Alexander Bustamante, one of the leading political figures in Jamaica during the twentieth century, was born William Alexander Clarke at Blenheim Estate in Lucea, a coastal town in western Jamaica. He was the second of five children born to Robert Clarke, a white Jamaican, and Mary Wilson, Clarke's second wife, a colored woman of peasant stock. When he married Mary Wilson, Robert Clarke was employed as overseer at Blenheim Estate, a relatively large mixed farming enterprise leased and operated by his step-father, Alexander Shearer, and his mother Elsie Clarke Shearer. When the widowed Elsie Clarke married Shearer, a white Jamaican of Irish extraction, her social status was enhanced as the mistress of the Blenheim Great House. Her son, Robert, however, incurred her displeasure by marrying beneath him, and he found it necessary to build a modest cottage overlooking the Great House; it was in this cottage that William Alexander Clarke was born and lived with other siblings. Later, when failing health forced the aging Shearers to relinquish the lease, Robert Clarke was retained by the new management as property manager and overseer, and he took up residence in the Great House with his family.

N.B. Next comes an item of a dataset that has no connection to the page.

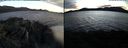 ./images/rivers-inlet/ethel/20220410/ethel20220410_200948.jpg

Alexander (Aleck) Clarke left Blenheim in his late teens to become a store clerk, but by the age of twenty he had taken up residence at Belmont Estate, in the south-eastern

parish of St. Catherine, to be trained as a junior overseer. Belmont was owned by Thomas Manley, a black man, and his fair-skinned wife, Margaret Shearer. They were the parents of five children, including Norman Washington Manley (18931969), later to become Clarke-Bustamante's lifelong political rival. Together, they founded a political dynasty, each serving more than once as the head of the government while the other took the role of leader of the opposition. Both men were half cousins by virtue of sharing a common maternal grandmother, Elsie Clarke Shearer.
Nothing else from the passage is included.